Amt der Oö. Landesregierung
4021 Linz • Landhausplatz 1
Telefon (+43 732) 77 20-0 | E-Mail post@ooe.gv.at
corona.ooe.gv.at | www.land-oberoesterreich.gv.at

Landeswappen Oberöstereich

COVID-19 Infektion

Behandlungsmöglichkeiten

Für Betroffene stehen Medikamente bei nicht ausreichender Immunantwort und Medikamente zur Therapie bei SARS-CoV-2 zur Verfügung. Die Impfung ist zur Vermeidung einer schweren COVID19-Erkrankung, einer Hospitalisierung oder von erkrankungsbedingten Langzeitfolgen eine effektive Möglichkeit.

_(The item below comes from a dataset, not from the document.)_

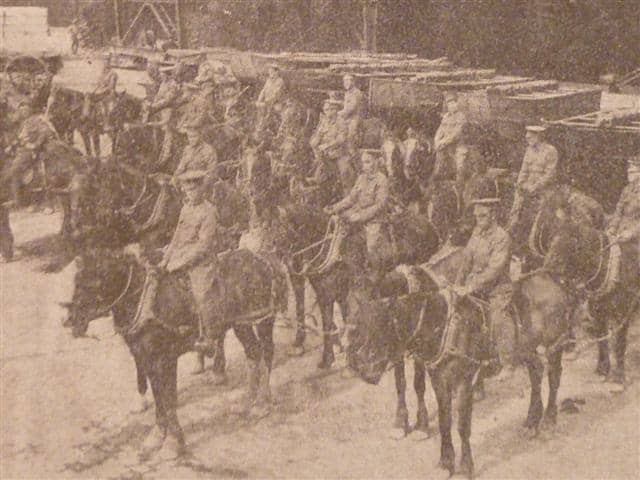 Pontoon section of British engineers disembarked on the quay at Boulogne.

Sollte es dennoch zu einer Erkrankung kommen wie z.B. bei Personen mit nicht ausreichender Immunantwort auf die Impfung, steht für Betroffene mit erhöhtem Risiko für einen schweren Krankheitsverlauf auch eine medikamentöse Therapie zur Verfügung.

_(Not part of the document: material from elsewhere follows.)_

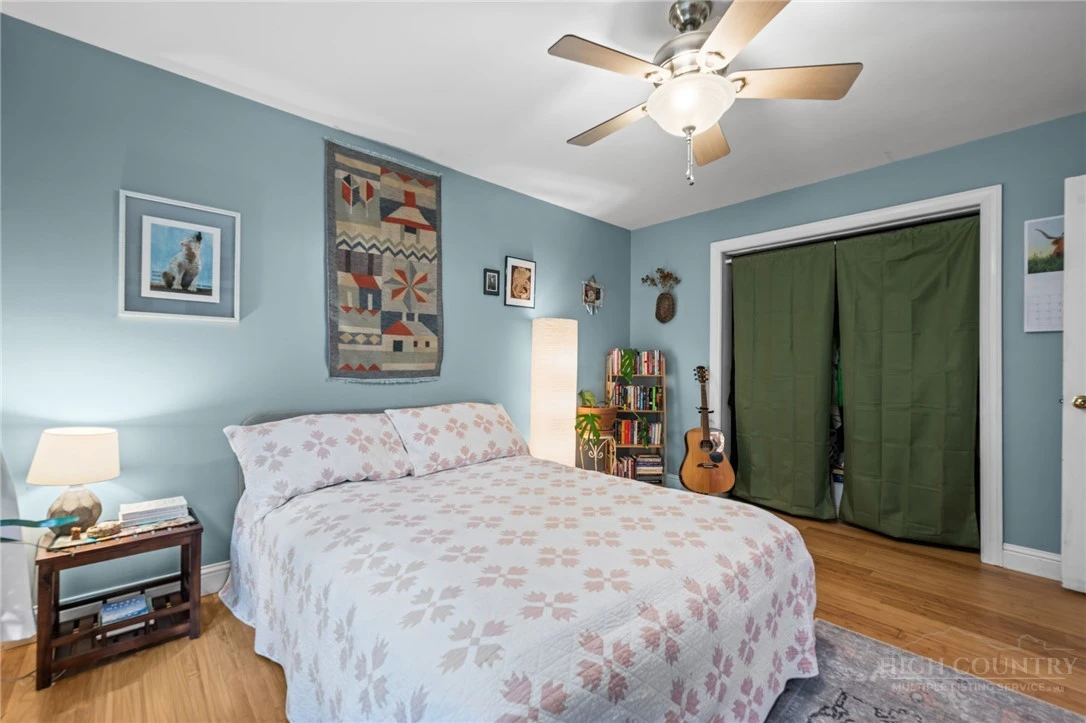 Image number 13 for the current listing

Medikationstherapie nach positivem SARS-CoV-2 PCR Testergebnis

Für die Behandlung einer SARS-CoV-2 Infektion steht derzeit eine medikamentöse Therapie zur Verfügung, welche die Wahrscheinlichkeit eines schweren Krankheitsverlaufs (Krankenhausaufnahme, Notwendigkeit eines Intensivstationsaufenthalts, tödliche Verläufe) deutlich reduzieren kann. Die Behandlung sollte so schnell wie möglich nach der Diagnose von COVID-19 und innerhalb von fünf Tagen nach Symptombeginn erfolgen.

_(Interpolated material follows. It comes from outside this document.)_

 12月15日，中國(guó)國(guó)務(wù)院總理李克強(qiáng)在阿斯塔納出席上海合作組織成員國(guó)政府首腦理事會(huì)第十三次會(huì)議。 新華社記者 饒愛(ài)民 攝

In klinischen Studien zeigt sich eine Wirksamkeit von bis zu 89 Prozent in der Verhinderung von Spitalsaufnahmen und Todesfällen durch Covid-19 bei Risikopersonen. Nach einem Beratungsgespräch mit der Hausärztin oder dem Hausarzt wird bei Bedarf ein Rezept ausgestellt (kostenfrei). Die Tabletteneinnahme kann zu Hause erfolgen und erfolgt fünf Tage lang.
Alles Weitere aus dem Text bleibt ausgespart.